**Task**
Below are the records to transcribe exactly; do not include any images.

(Stored items from a collection)
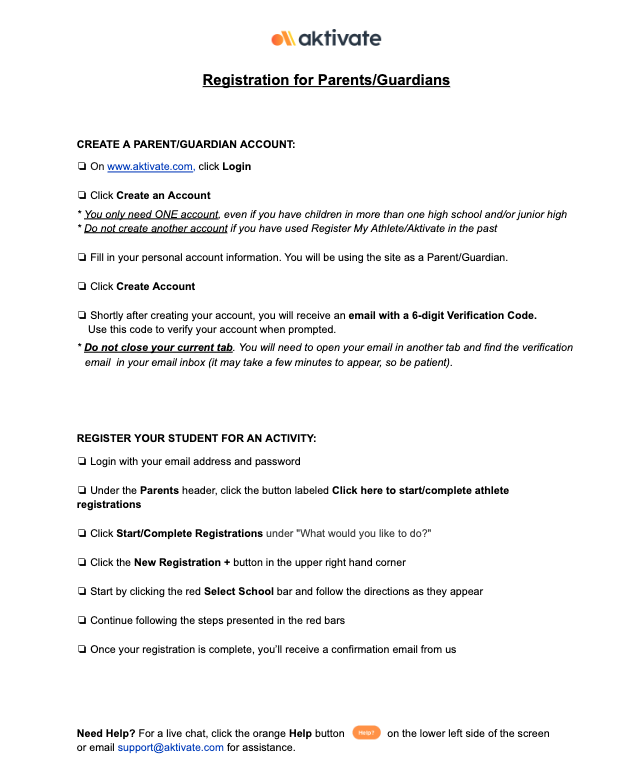 Registration for Parents/Guardians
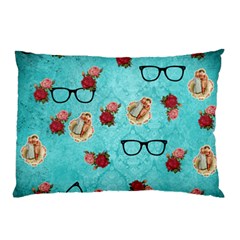 Vintage Glasses Blue Pillow Case (two Sides)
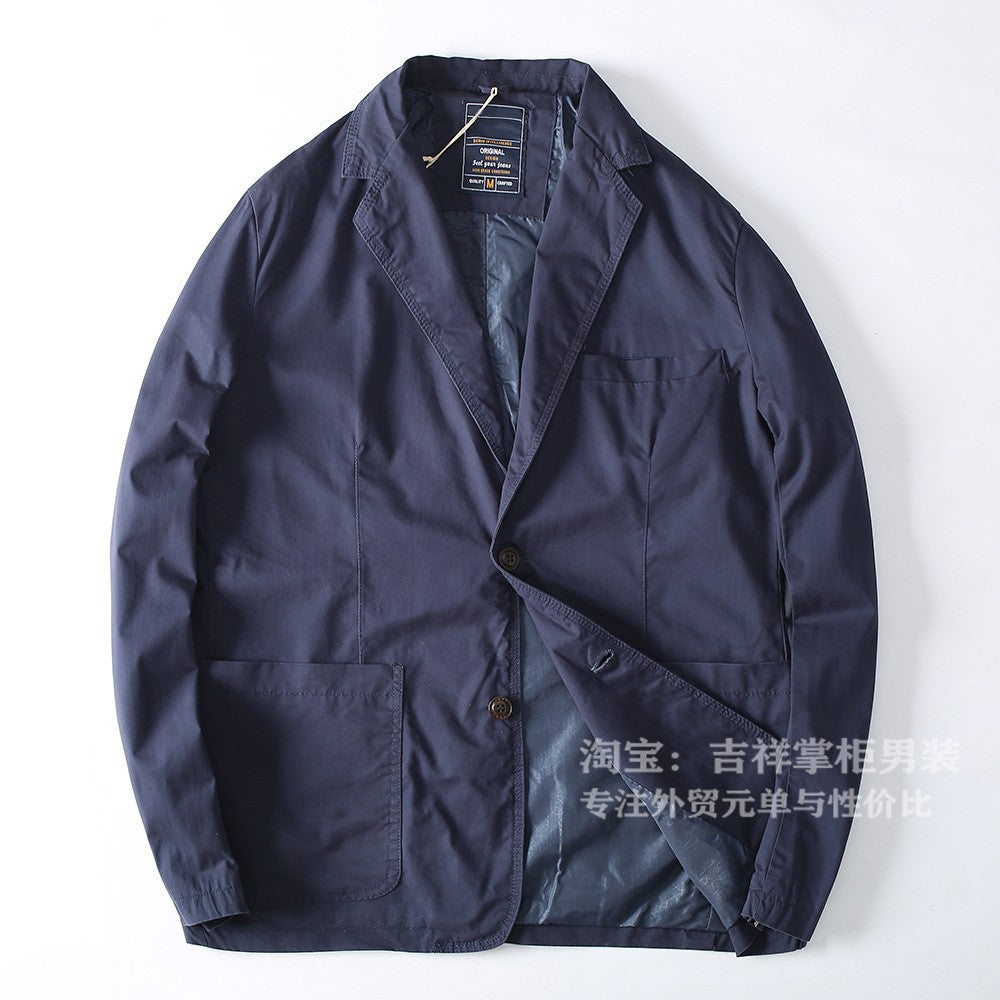Turkey High Quality 100% Cotton Yarn Washed Breathable Autumn Men's Casual Blazer Suit Light Versatile Suit Coats Citboys Cool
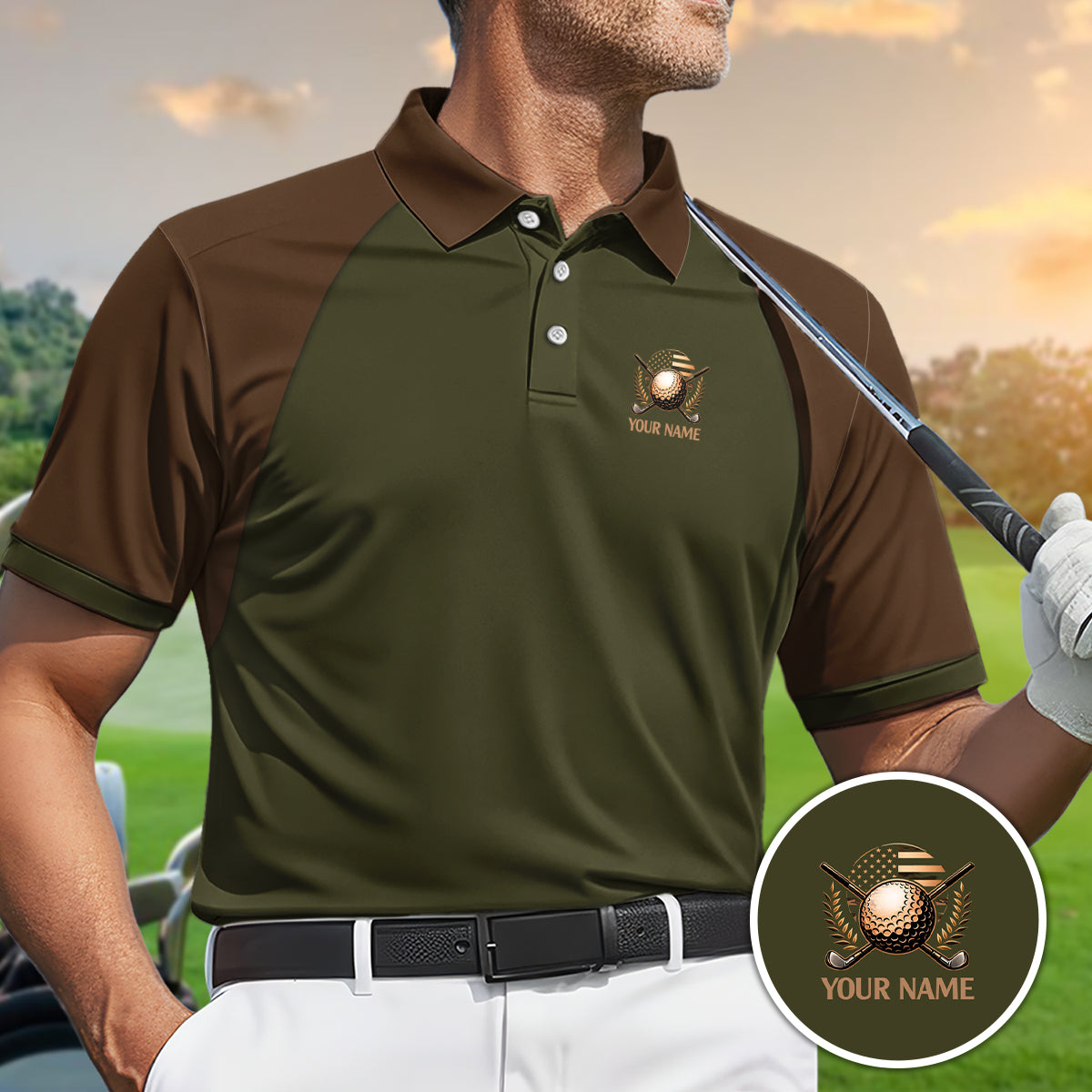 Custom Name Golf Polo USA Flag Crest Performance Shirt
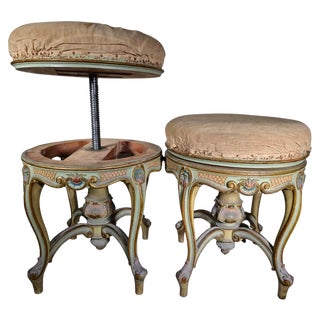 Set of 19th Century Italian Stools, 1850s For Sale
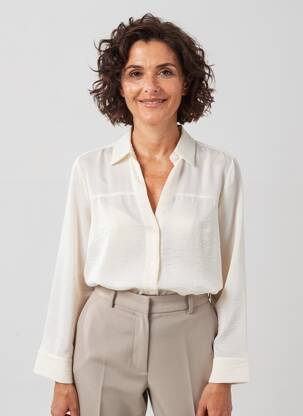 Chemisier coupe fluide manches longues beige ANDAM femme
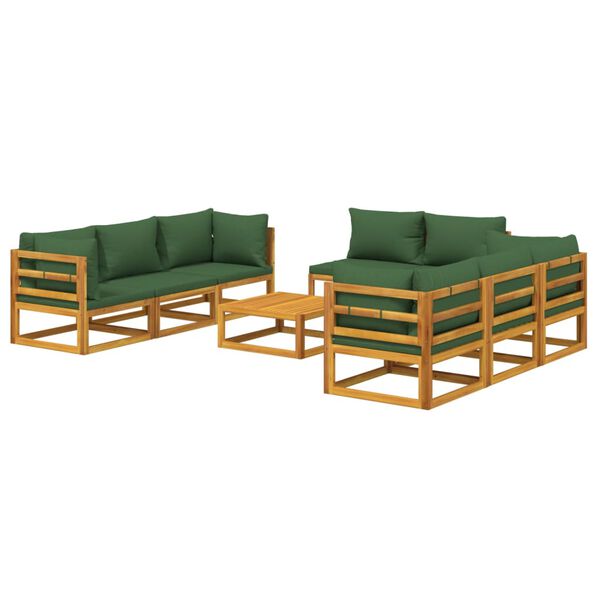 vidaXL Salon de jardin 9 pcs avec coussins vert bois massif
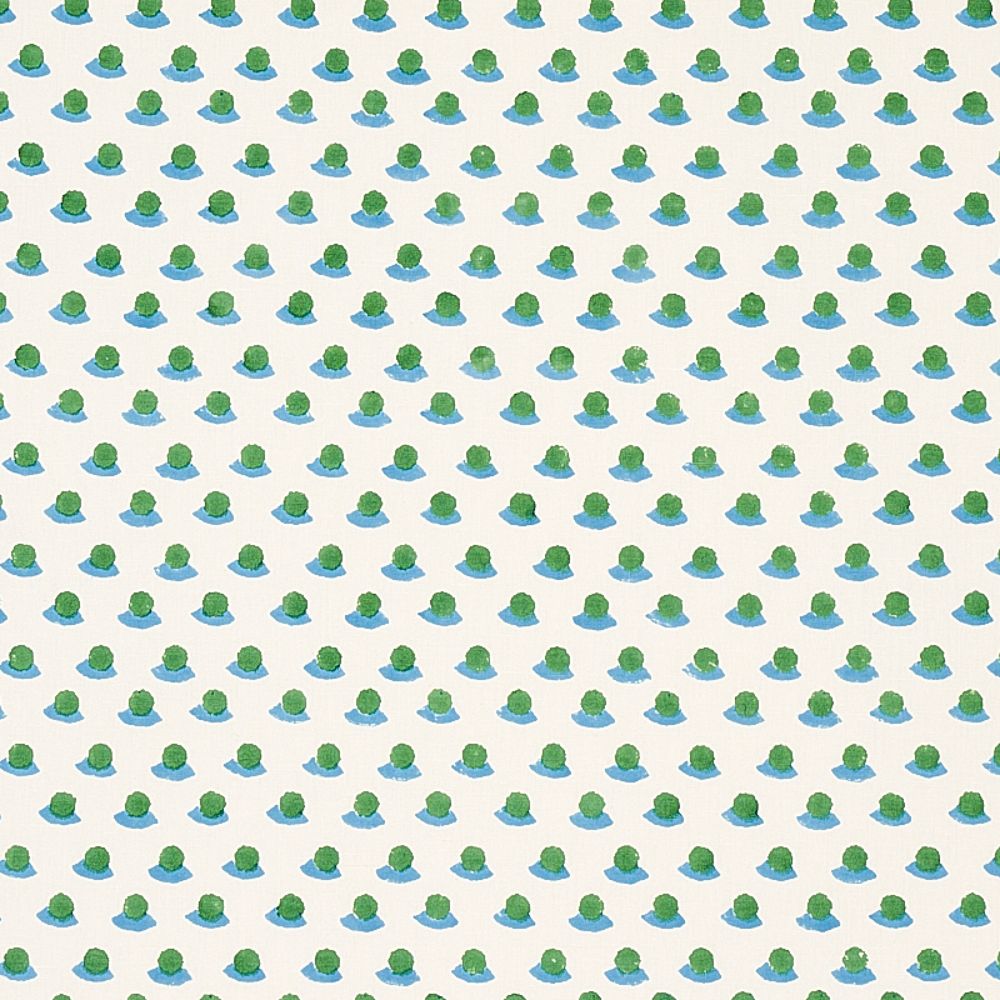 Schumacher 179732 Berry Hand Block Print Fabric in Grass & Sky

**Response to the task**
 Registration for Parents/Guardians
 Vintage Glasses Blue Pillow Case (two Sides)
Turkey High Quality 100% Cotton Yarn Washed Breathable Autumn Men's Casual Blazer Suit Light Versatile Suit Coats Citboys Cool
 Custom Name Golf Polo USA Flag Crest Performance Shirt
 Set of 19th Century Italian Stools, 1850s For Sale
 Chemisier coupe fluide manches longues beige ANDAM femme
 vidaXL Salon de jardin 9 pcs avec coussins vert bois massif
 Schumacher 179732 Berry Hand Block Print Fabric in Grass & Sky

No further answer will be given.